2012 Proxy Season Review

James Morphy, a partner at Sullivan & Cromwell LLP, has written a fairly thorough report of the 2012 proxy season, available as a pdf. I mention it here primarily to bookmark it.

He includes a good review of the movement to split CEO and chair positions. I expect more such proposals in the future as many wake up to the fact that a “lead director” falls short.

Highest vote percentages were reported for adopting a new right to hold a special meeting (averaging 52%), act by written consent (45%), declassify board (81%), adopt majority voting (57%), eliminate supermajority requirement (69%).

Directors were punished the most for failure to act on a successful shareowner proposal and poor attendance (both received only 62% vote).
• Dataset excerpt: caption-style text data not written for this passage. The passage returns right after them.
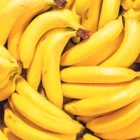 banane au coin du marche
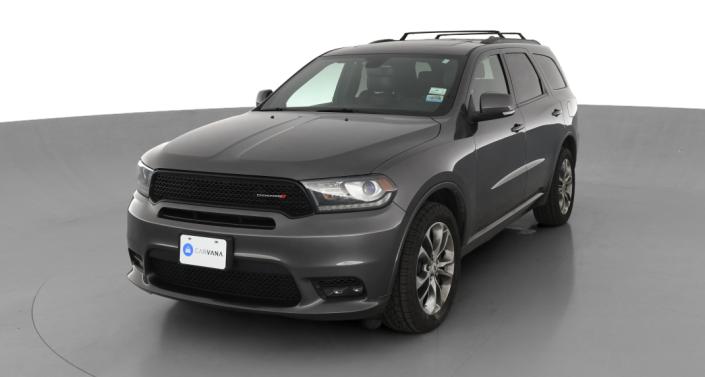 2019 Dodge Durango GT -
                Colonial Heights, VA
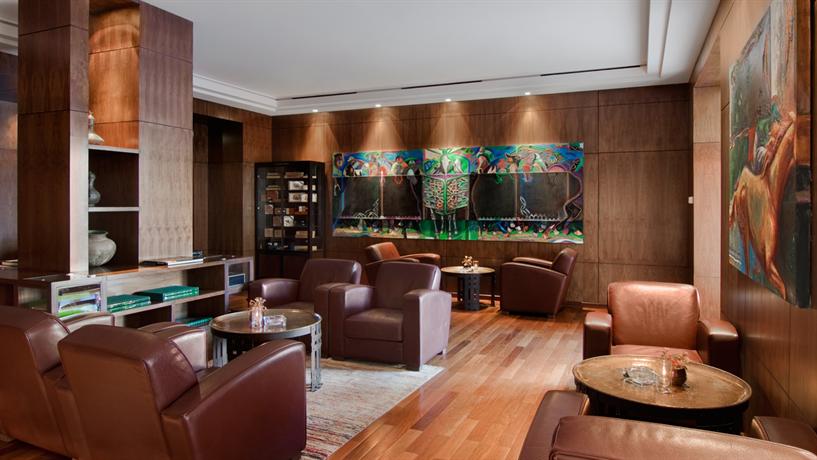 Park Hyatt Jeddah - Marina Club and Spa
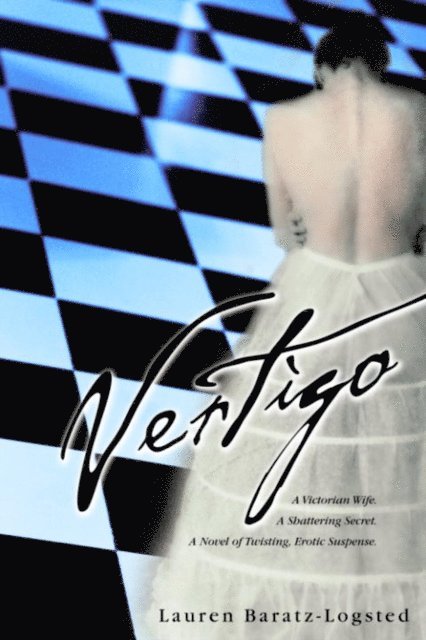 Lauren Baratz-Logsted - Vertigo, E-bok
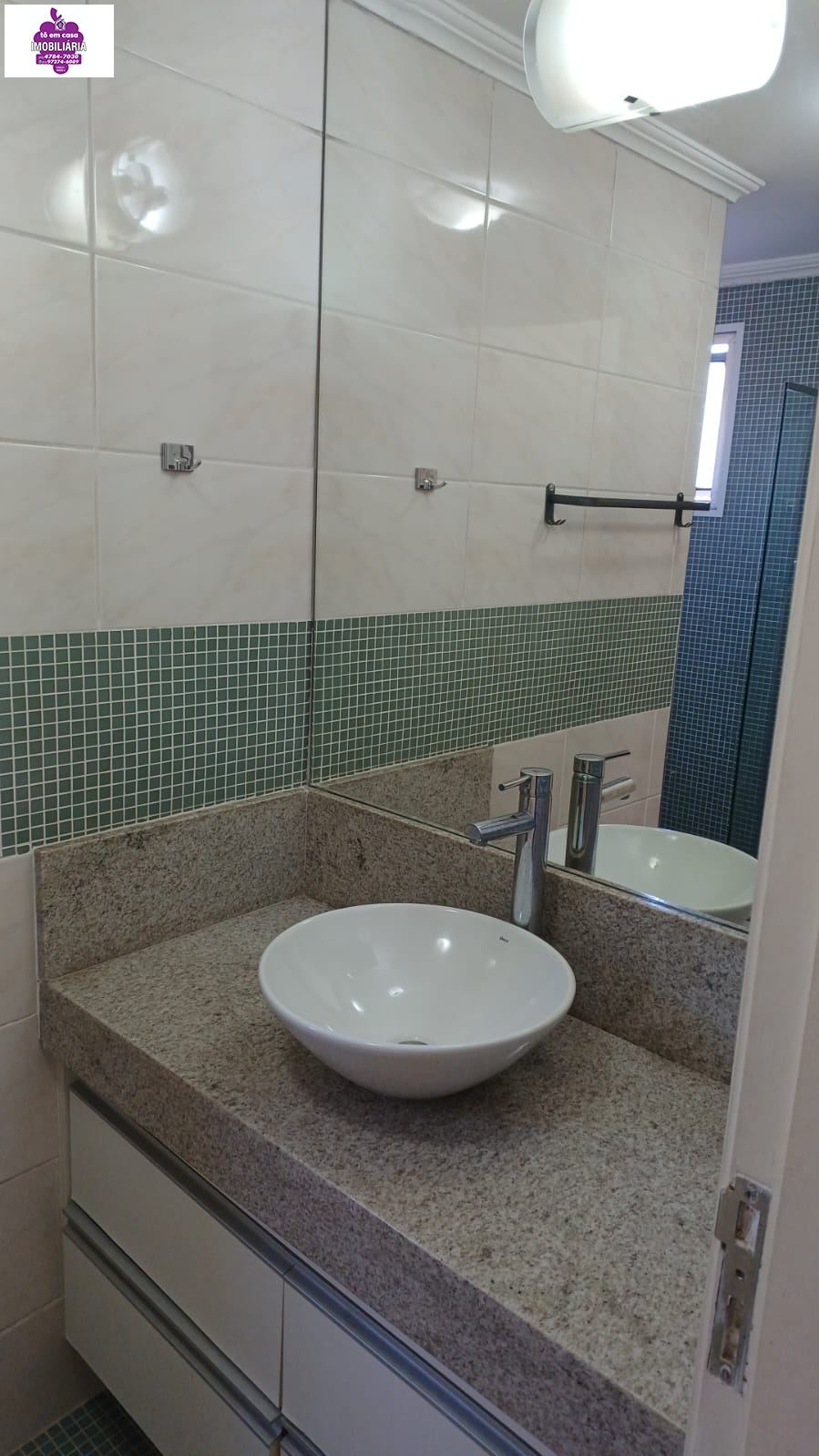 Apartamento em Centro, São Roque - Apartamento para Locação no Centro - Foto 7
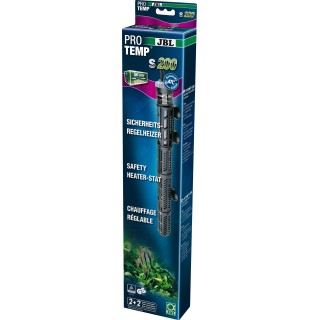 JBL ProTemp Regelheizer - S200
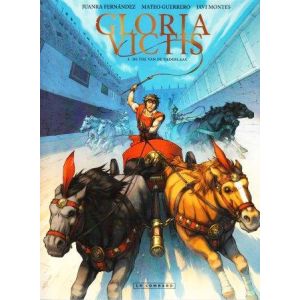 GLORIA VICTIS: 02: DE TOL VAN DE NEDERLAAG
Overboarding was next (68%).

The memo also covered the following:

  • Quantify and discuss various categories of shareholder proposals voted on this season, and highlight important trends, legal developments and practice points for companies in navigating the shareholder proposal process, including notable exclusion determinations by the SEC staff and trends in management proposals to give shareholders that right to call special meetings and act by written consent;
  • Analyze the key reasons that directors of large companies received “withhold” or “against” recommendations in 2011 and 2012, and the situations in which these recommendations were most likely to translate into a significant reduction in shareholder support;
  • Summarize the discrepancies in director independence definitions used by various shareholders and proxy advisory firms, and the potential negative implication of an adverse independence determination under these definitions;
  • Highlight the increased use by shareholder proponents of new avenues for publicizing their arguments and counterarguments regarding their proposals;
  • Discuss developments in the SEC staff’s treatment of exclusion requests under Rule 14a-8; and
  • Address annual meeting disruptions by protest groups in 2012 and steps that companies can take to deal with the increased likelihood of disruptions at annual shareholder meetings.

A prior memo of June 19, 2012, dealt with “Proxy Access Proposals – Review of 2012 Results and Outlook for 2013.” The July 9 update corrected an earlier error that I pointed out concerning submissions by Norges Bank in my own post, 2012 Proxy Access Efforts.